▸ Work required
Reproduce the data below exactly as written. Pictures do not belong in the copy.

▸ Supplied material
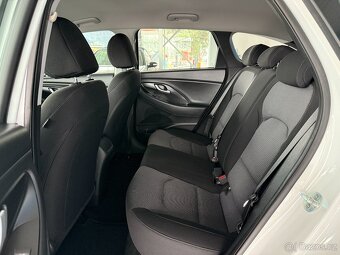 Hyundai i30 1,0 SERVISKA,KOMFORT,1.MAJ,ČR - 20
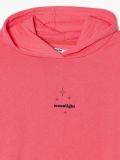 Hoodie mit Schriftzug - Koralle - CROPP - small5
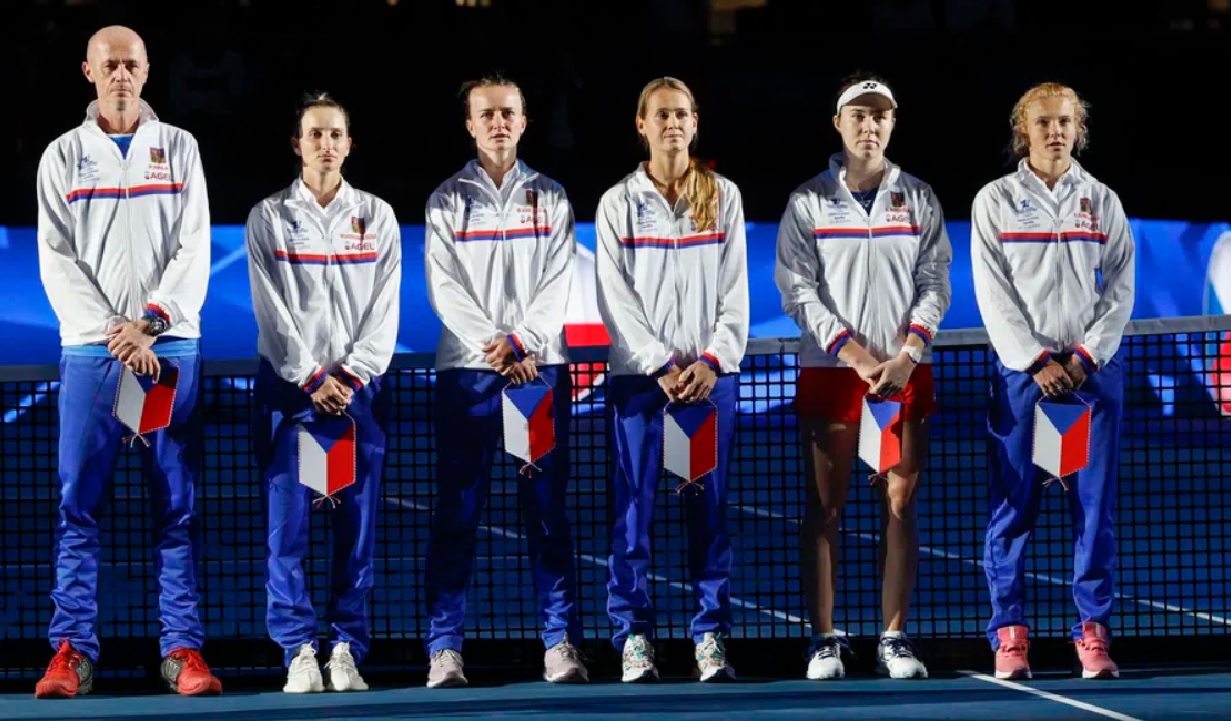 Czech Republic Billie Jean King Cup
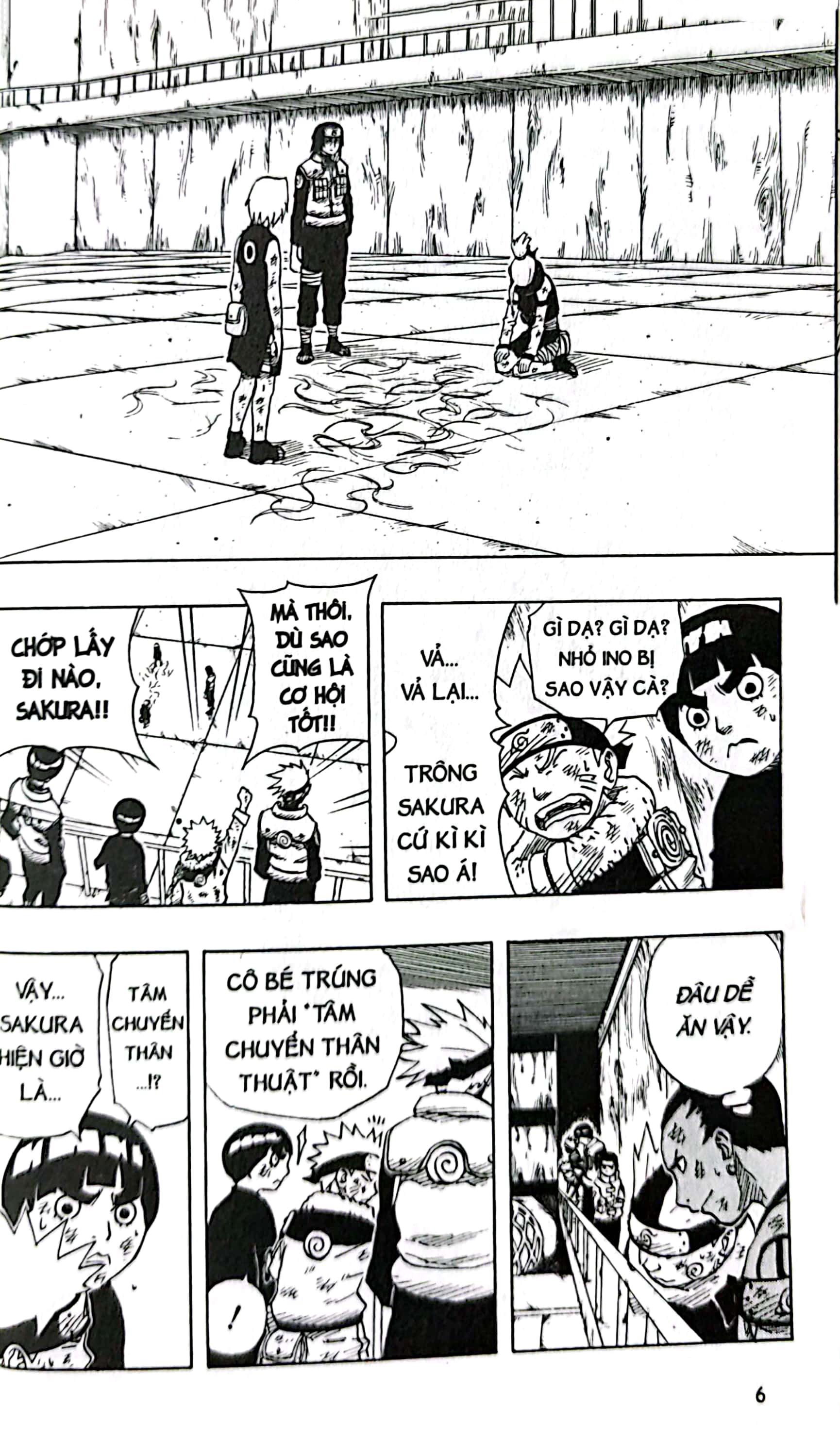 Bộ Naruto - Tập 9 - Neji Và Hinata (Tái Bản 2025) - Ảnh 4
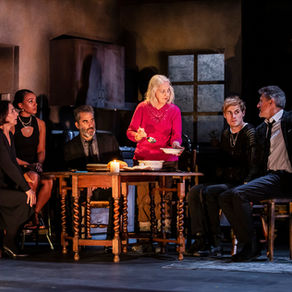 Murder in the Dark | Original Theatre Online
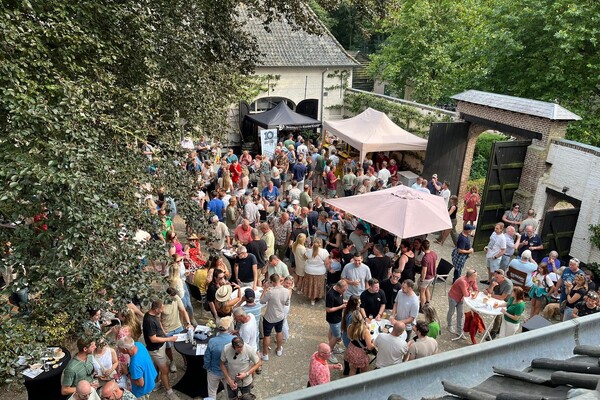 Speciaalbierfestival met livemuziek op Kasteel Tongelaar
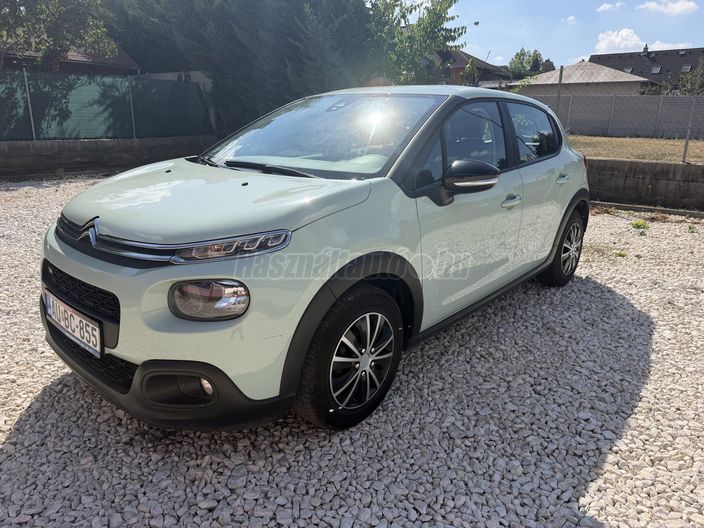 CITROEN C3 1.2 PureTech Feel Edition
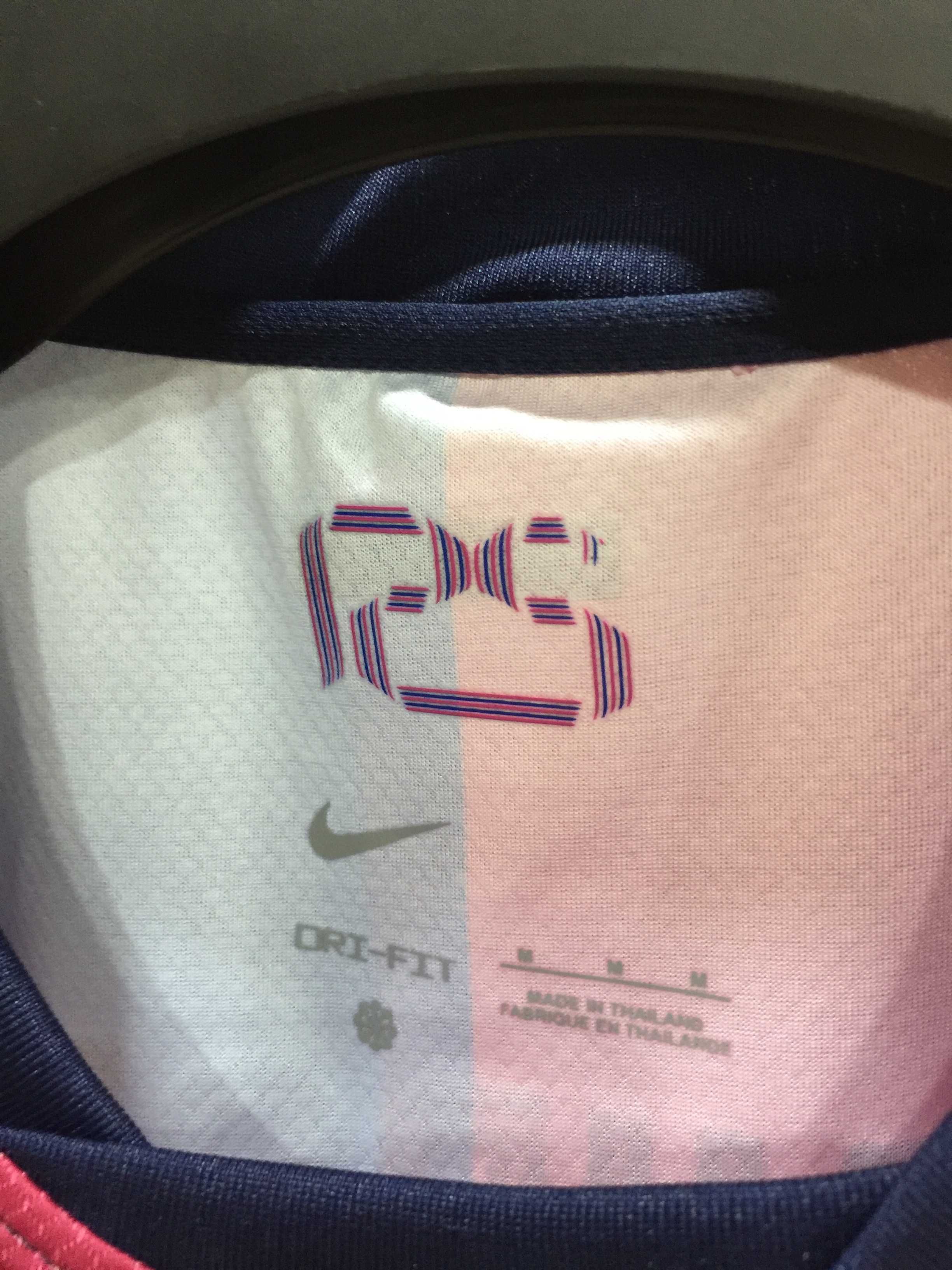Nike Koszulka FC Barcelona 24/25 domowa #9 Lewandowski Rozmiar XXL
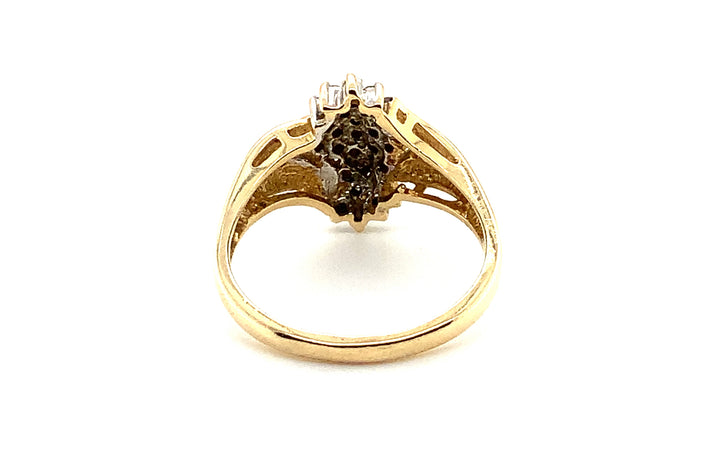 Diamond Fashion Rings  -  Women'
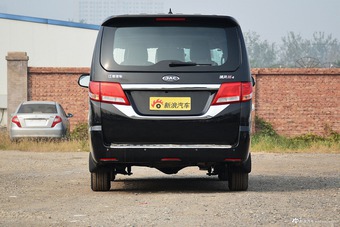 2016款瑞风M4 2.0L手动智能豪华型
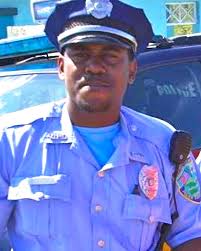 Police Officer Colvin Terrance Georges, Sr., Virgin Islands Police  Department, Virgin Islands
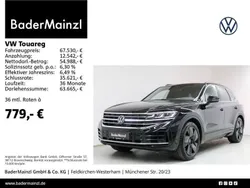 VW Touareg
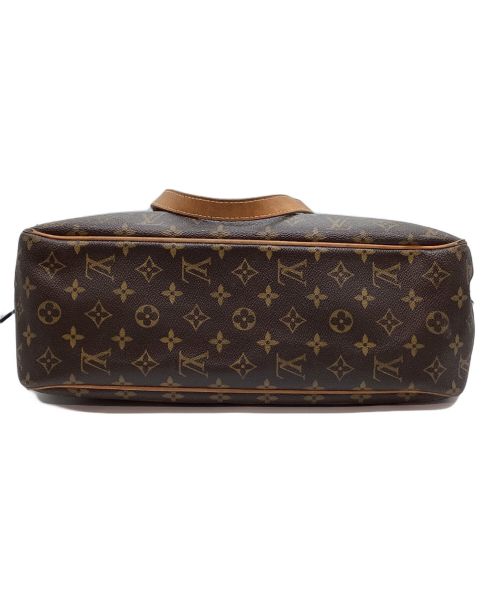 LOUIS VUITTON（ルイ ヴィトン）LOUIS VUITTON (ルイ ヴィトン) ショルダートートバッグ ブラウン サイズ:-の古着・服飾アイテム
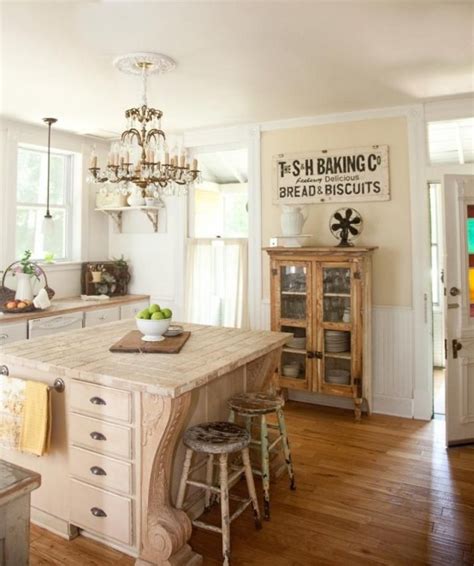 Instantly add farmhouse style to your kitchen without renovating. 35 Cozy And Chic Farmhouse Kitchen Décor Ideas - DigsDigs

▸ Solution for this problem
 Hyundai i30 1,0 SERVISKA,KOMFORT,1.MAJ,ČR - 20
 Hoodie mit Schriftzug - Koralle - CROPP - small5
 Czech Republic Billie Jean King Cup
 Bộ Naruto - Tập 9 - Neji Và Hinata (Tái Bản 2025) - Ảnh 4
 Murder in the Dark | Original Theatre Online
 Speciaalbierfestival met livemuziek op Kasteel Tongelaar
 CITROEN C3 1.2 PureTech Feel Edition
Nike Koszulka FC Barcelona 24/25 domowa #9 Lewandowski Rozmiar XXL
 Diamond Fashion Rings  -  Women'
 2016款瑞风M4 2.0L手动智能豪华型
 Police Officer Colvin Terrance Georges, Sr., Virgin Islands Police  Department, Virgin Islands
 VW Touareg
 LOUIS VUITTON（ルイ ヴィトン）LOUIS VUITTON (ルイ ヴィトン) ショルダートートバッグ ブラウン サイズ:-の古着・服飾アイテム
 Instantly add farmhouse style to your kitchen without renovating. 35 Cozy And Chic Farmhouse Kitchen Décor Ideas - DigsDigs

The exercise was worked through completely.